NL: Comment le monde des musées a‑t-il évolué depuis?
CS: La collecte est devenue à de nombreux égards plus professionnelle. Quelques exemples: les musées établissent aujourd’hui des concepts de collecte, afin que les objets acceptés reflètent les valeurs institutionnelles et non les préférences personnelles. La numérisation a fait son entrée dans les musées (bien que relativement tard, les archives ont été plus rapides). On collectionne le patrimoine immatériel, les enregistrements sonores et visuels par conséquent, comme par exemple oral history. Ceux-ci soulèvent de nouvelles questions telles que sur quels supports les enregistrer pour le futur. Et on collectionne de plus en plus le présent. Lorsque j’étais à Bâle, il y a eu une situation que je vois différemment aujourd’hui: nous avons trouvé des feuilles antisémites dans la boîte aux lettres – et nous les avons mises de côté, sans les considérer comme de nouvelles entrées. Aujourd’hui je les intégrerais dans la collection.

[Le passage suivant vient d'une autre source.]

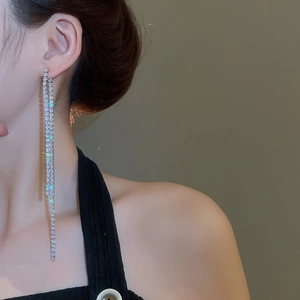 Detail of silver tassel earrings with zircon crystals worn by a model reaching the collarbone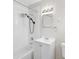 Clean bathroom with white tile, vanity, and a shower/tub combination at 2143 Starlite Ln, Port Charlotte, FL 33952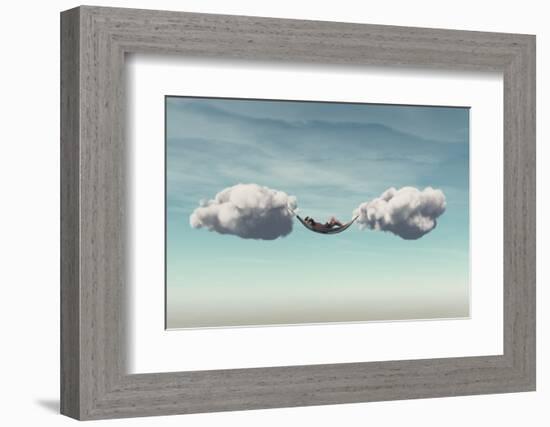 Young Man Relaxes in a Hammock between Two Clouds.-Orla-Framed Photographic Print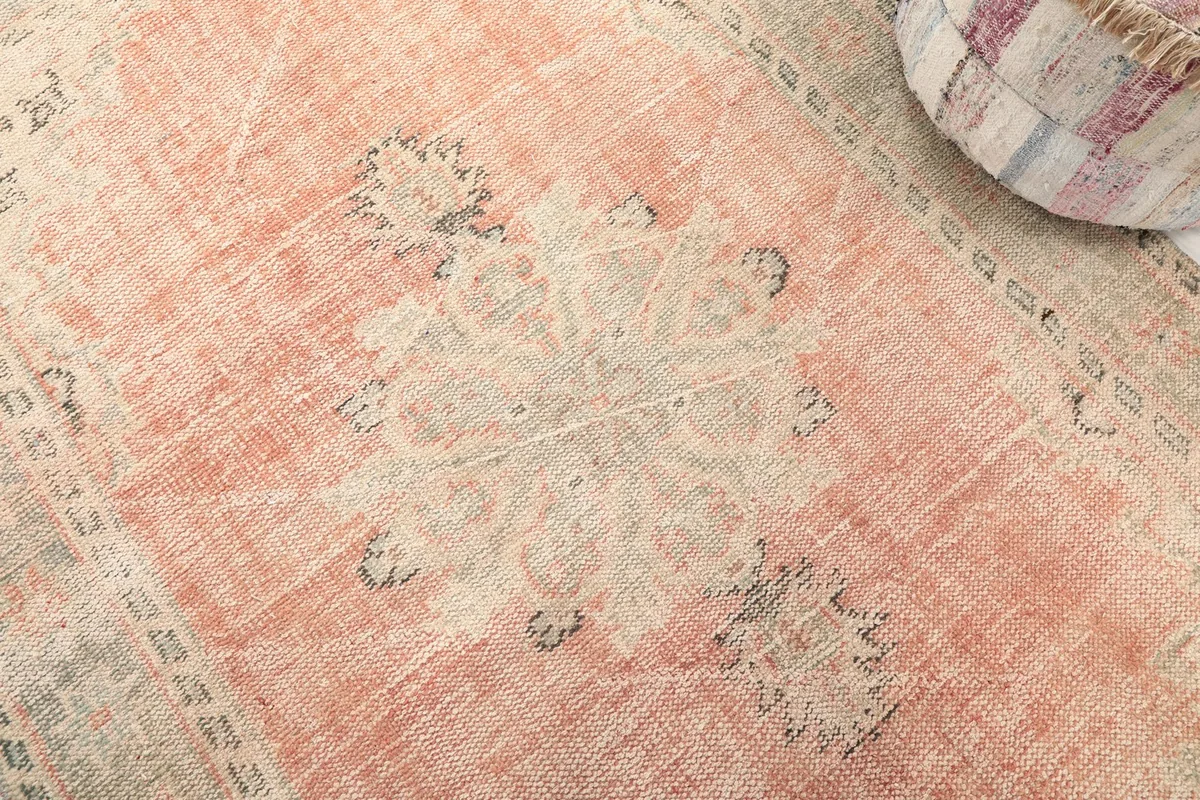 Detailed view of the central medallion and the faded rose field with signs of vintage patina.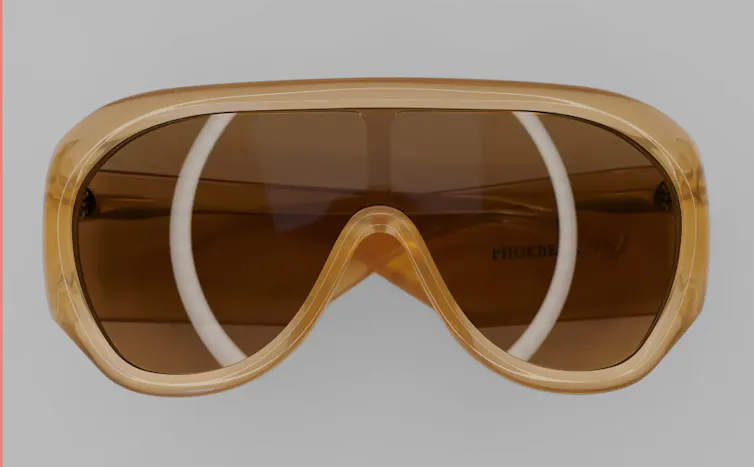 A pair of gold 1970s style sunglasses.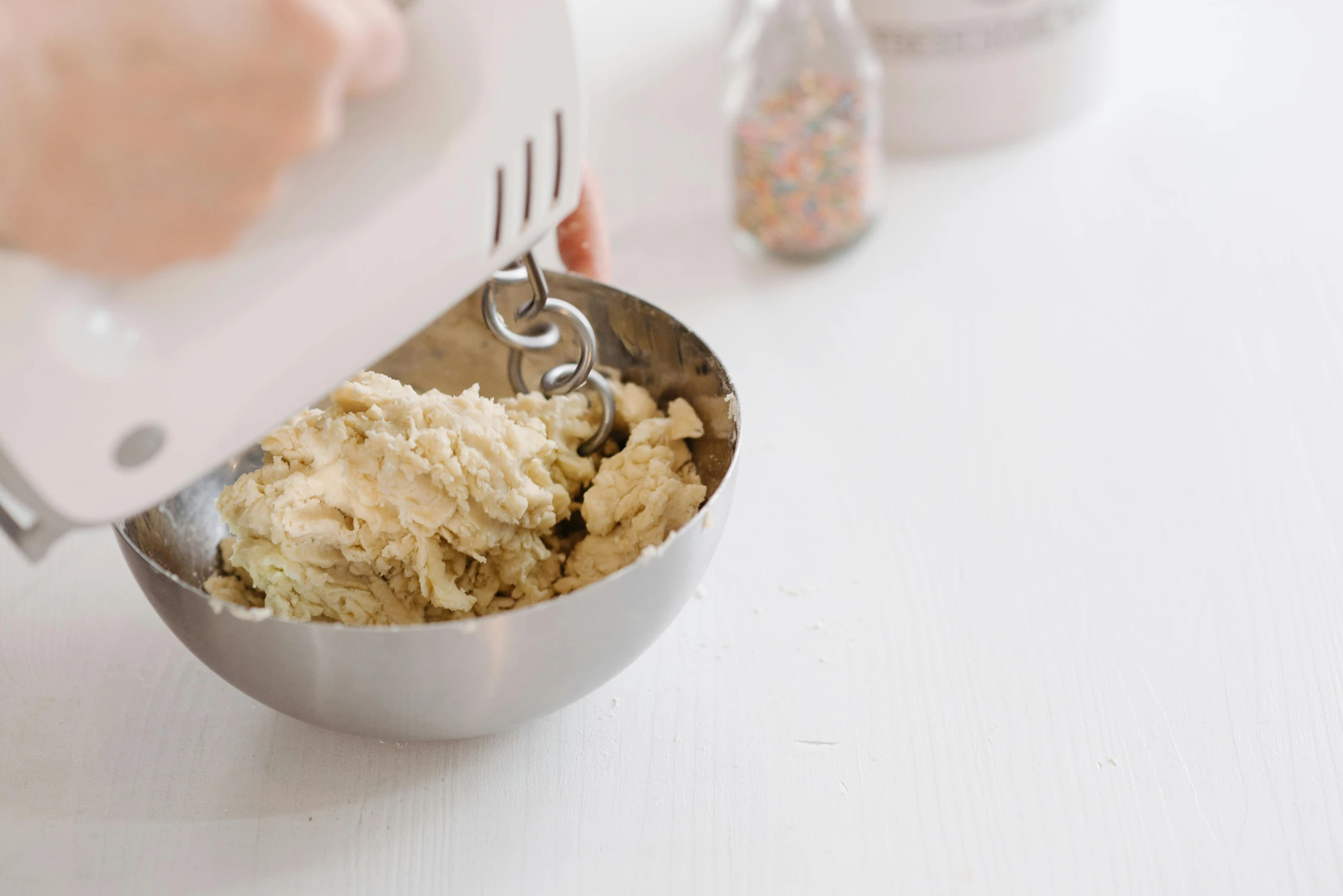 a person mixing food in a bowl on a table, bedhead, silver，ivory, baking cookies, press shot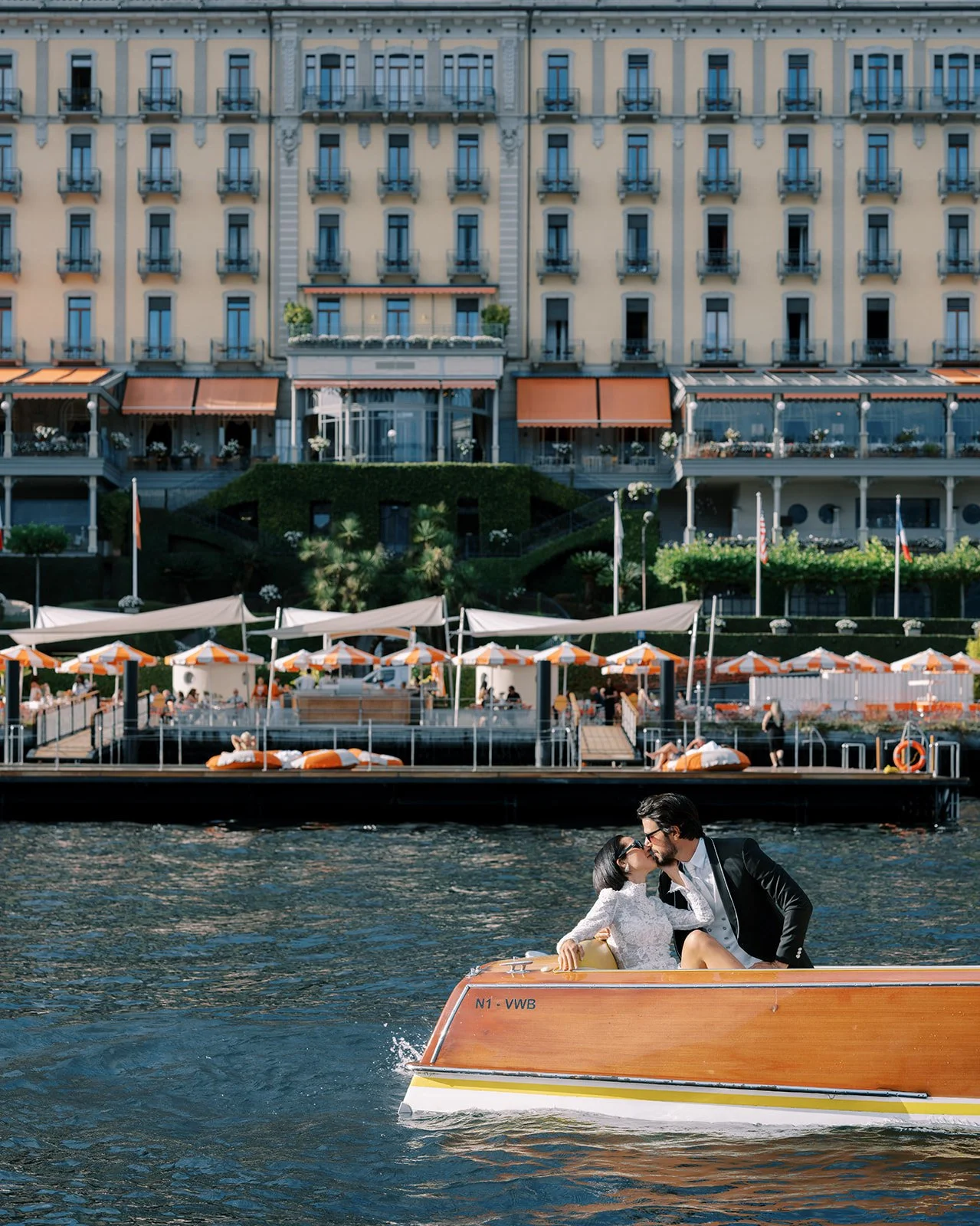 Bride and groom arriving by vintage boat in front of Grand Hotel Tremezzo on Lake Como.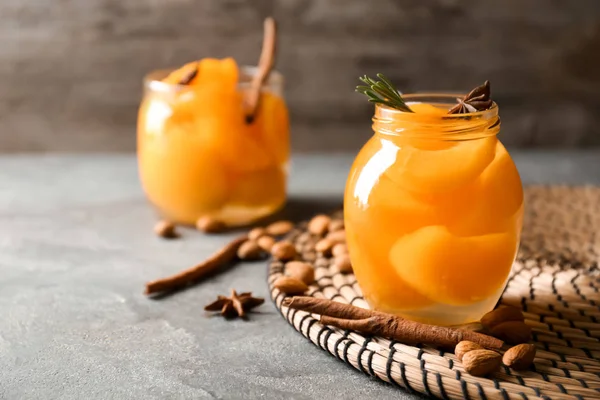 Jar with pickled apricots on table — Stock Photo, Image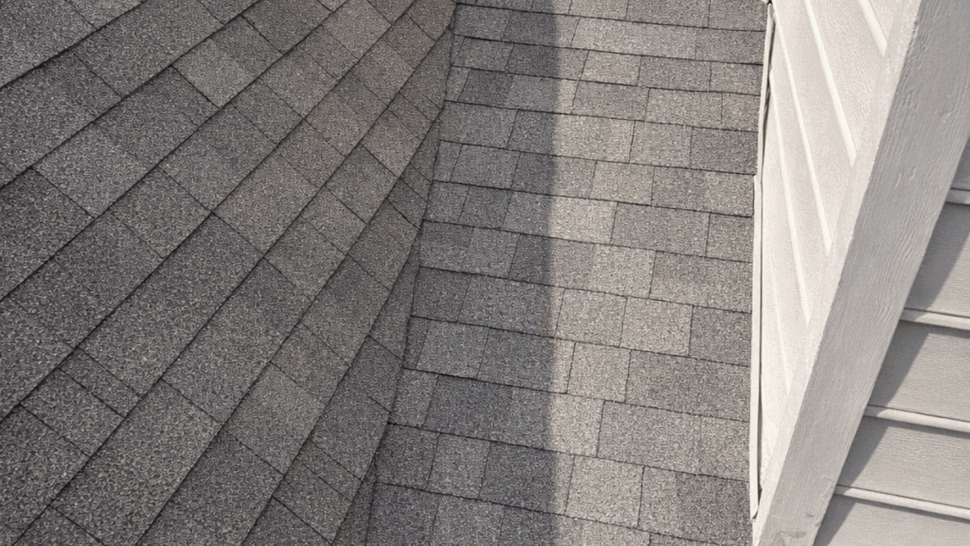 Roof valley and flashing detail | Tycos Roofing And Siding Inc Close-up roof valley where shingles meet siding and flashing detail.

NL: Au Musée régional Chüechlihus, tu as incité au déclassement. Pourquoi?
CS: Au Musée régional Chüechlihus, les dépôts étaient surchargés et confus: il y avait de nombreux objets en plusieurs exemplaires, des articles qui n’étaient pas documentés, et d’autres choses qui ne valaient pas la peine d’être collectionnées. Les pièces du musée ne répondaient plus par ailleurs aux exigences actuelles concernant un dépôt de musée. Un regroupement des dépôts, et donc le transfert des objets dans un seul dépôt de musée répondant à leurs besoins, était par conséquent indispensable. Il était évident que nous prendrions en main chaque objet de la collection. Et c’est pour cette raison que nous avons décidé de vérifier parallèlement si les objets de la collection peuvent être déclassés, et dans l’affirmative, lesquels. La charge que représente une aliénation est considérable – notamment quand on procède comme nous le faisons de manière transparente et participative. À mon avis, cela a toutefois déjà valu la peine avec la première exécution: nous avons eu des discussions intéressantes sur les procédures de collecte. Différentes personnes – même des personnes apparemment non concernées – se sont engagées. Nous avons obtenu des aperçus sur des objets qui «sommeillaient» et des propositions créatives pour la nouvelle utilisation des objets mis au rebut. C’est une belle expérience. Je conseillerais néanmoins la prudence pour les nouvelles acquisitions! Se débarrasser d’objets est en fin de compte plus difficile que ne pas accepter d’objets.
NL: Chère Carmen, nous prenons cela à cœur. Merci beaucoup pour cet entretien!